【通信講座】 小説「電波塔ジャンプダウン」 講評
雰囲気のみで、内容がない。
――暗い。
――ただ、暗い。
風が、鋭い。
ビルは、冷たい。
へたな散文詩のように改行で効果を出そうとしているが
いたずらに感傷を垂れ流しているだけで
正確な描写は薬にしたくもない。
「妹」の伏線が無意味。
漠然とした語り手の動機に
おそらくロボットであるというオチが待っていると思ったが
そのような安直なアイディアさえなく
掌編をしめくくり成立させるためのなんの用意もしていなかった。
(作者より)
衝動、という通り、作品全体にかっちりとした構造を用意することはなく、また明確なメッセージも、意識的には、特段含ませておりません。ここで気になるのは、作品に背骨が通っているのか、ということです。ストーリーの流れや、「少女」の謎が、果たして機能しているか。あるいはまた、以前におっしゃっていた「行動原理」を含めまして、「人間」を描けているかどうか。
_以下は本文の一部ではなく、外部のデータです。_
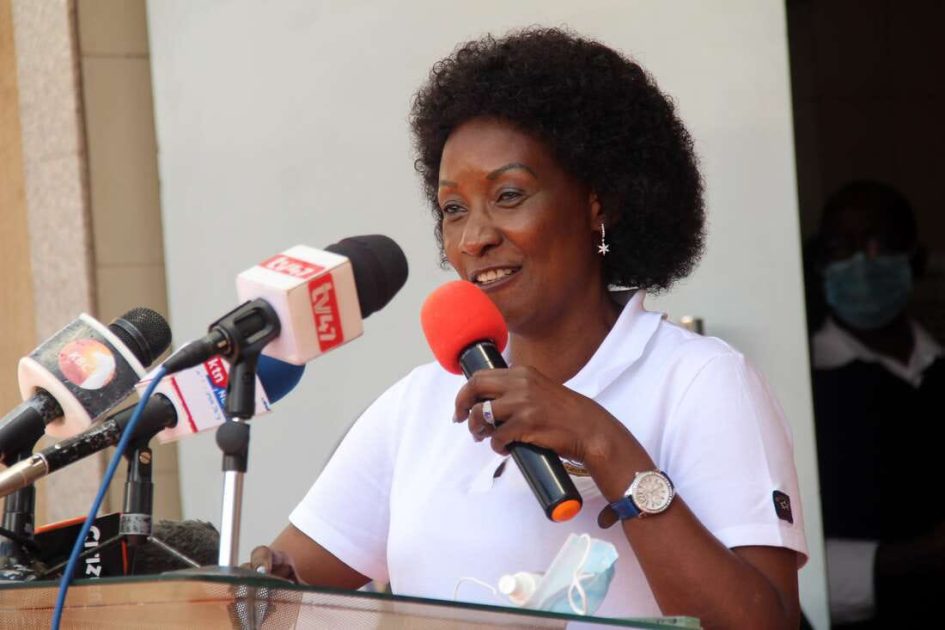 Nancy Macharia who is the TSC CEO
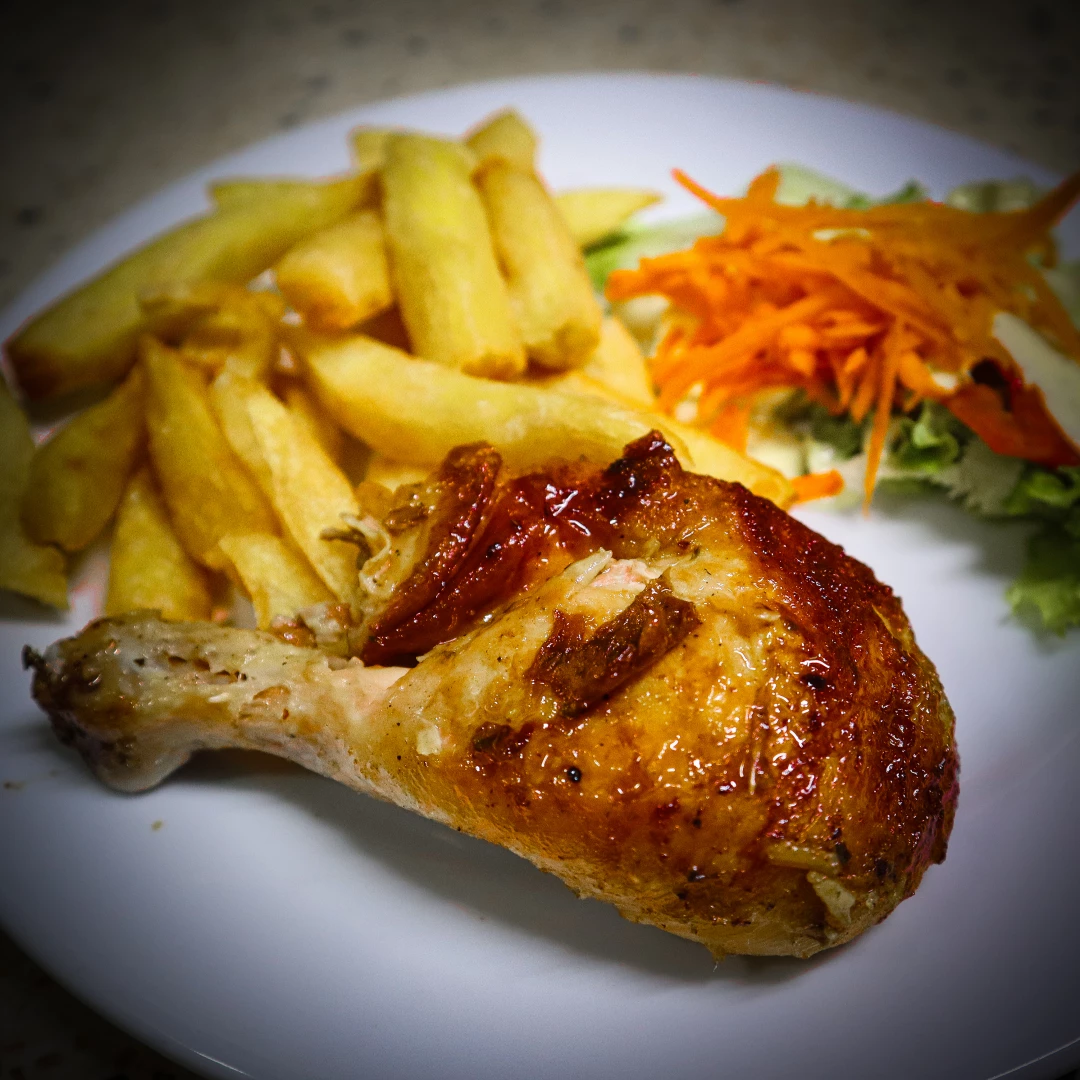 1/8 de pollo a la brasa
これらの点に関して、特にアドバイスをいただきたいです。
構造もメッセージもない小説を書くことはできるが
この作品には評価すべき別の要素がない。
「少女」は登場する前から正体が分かる。
「人間」を書こうとしているとは想像だにしなかった。
漠然と感傷的なだけの作品にならないように
構造、メッセージはなくても
なんらかのしかけくらいは準備すべきだ。